Scores of traders, in an interview with the Ghana News Agency, said sales were good during yuletide but business activities normally slowed down after the festive occasion in January before kick-starting gradually in February.
Veronica Narh, a trader at the market, said it had become a norm that business activities within the markets took a dramatic turn downwards, as most people overspent during the festive period and slowed down their spending habit immediately after the yuletide.
She said most workers were yet to receive salaries after spending that of December, adding: “We have adjusted to that traditional routine of making good sales in December and hitting dry sales in January.”
“Unfortunately, this year, the dry season for business started too early, just within the first week of the month, normally it starts from the second and sometimes the third week of the month, and we have a long way to the end of the month,” she said.
Madam Ruth Mensah, who sells sanitary pads and diapers among other things, explained that what one sold determined whether the yuletide could affect sales or not.
“There are seasonal and occasional items and daily normal life goods and services.

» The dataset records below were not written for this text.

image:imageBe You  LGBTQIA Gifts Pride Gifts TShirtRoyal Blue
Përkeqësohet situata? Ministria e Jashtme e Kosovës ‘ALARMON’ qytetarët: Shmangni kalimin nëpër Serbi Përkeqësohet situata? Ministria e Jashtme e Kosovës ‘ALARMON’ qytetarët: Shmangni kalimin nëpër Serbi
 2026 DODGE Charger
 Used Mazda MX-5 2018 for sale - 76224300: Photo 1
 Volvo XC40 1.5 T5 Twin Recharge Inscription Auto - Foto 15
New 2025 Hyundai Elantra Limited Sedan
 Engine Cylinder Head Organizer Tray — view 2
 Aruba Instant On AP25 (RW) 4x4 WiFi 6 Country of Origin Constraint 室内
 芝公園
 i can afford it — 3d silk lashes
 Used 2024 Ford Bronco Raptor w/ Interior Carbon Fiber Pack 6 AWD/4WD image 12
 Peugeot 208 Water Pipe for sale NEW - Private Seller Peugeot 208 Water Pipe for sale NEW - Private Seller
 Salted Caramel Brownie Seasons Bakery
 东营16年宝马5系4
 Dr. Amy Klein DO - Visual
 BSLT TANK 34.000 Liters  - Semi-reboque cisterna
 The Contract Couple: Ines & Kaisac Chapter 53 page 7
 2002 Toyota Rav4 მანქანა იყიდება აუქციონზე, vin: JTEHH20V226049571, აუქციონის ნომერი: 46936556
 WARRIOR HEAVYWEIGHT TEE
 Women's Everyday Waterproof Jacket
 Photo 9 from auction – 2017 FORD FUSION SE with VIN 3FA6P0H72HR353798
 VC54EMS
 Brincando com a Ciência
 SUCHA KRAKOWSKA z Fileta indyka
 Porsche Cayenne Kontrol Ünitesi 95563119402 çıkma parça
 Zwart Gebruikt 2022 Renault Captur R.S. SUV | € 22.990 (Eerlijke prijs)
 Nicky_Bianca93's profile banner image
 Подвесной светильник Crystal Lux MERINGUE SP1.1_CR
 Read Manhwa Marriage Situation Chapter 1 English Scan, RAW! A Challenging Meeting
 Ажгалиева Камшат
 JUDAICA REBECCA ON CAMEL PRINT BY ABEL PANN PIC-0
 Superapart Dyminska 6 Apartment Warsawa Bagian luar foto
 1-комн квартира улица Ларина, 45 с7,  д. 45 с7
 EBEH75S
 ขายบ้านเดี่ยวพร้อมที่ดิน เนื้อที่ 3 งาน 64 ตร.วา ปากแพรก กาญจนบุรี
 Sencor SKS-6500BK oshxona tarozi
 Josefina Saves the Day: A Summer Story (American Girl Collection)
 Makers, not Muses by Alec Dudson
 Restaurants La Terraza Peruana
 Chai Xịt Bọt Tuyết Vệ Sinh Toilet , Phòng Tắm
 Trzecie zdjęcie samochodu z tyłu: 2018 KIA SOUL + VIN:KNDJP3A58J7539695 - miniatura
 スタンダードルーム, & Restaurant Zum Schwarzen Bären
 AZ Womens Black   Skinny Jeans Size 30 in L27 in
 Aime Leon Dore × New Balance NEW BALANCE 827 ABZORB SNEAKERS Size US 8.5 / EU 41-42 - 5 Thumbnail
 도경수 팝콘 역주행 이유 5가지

Those of us who deal in normal daily life goods and services are handicapped during festive seasons because sales remain at the average, so you either jump the boat to join the seasonal goods for bumper harvest or you remain traditional to your normal trade,” she said.
Madam Mensah was optimistic that things would change, especially as schools were re-opening because most of her items were for students.
Ebenezer Teye, a fruits seller, said: "All my goods are going bad, am afraid I will run at a loss if this continuous".
Other traders who mainly deal in foodstuff also confirmed that sales were good during the Christmas but slowed down after the celebration.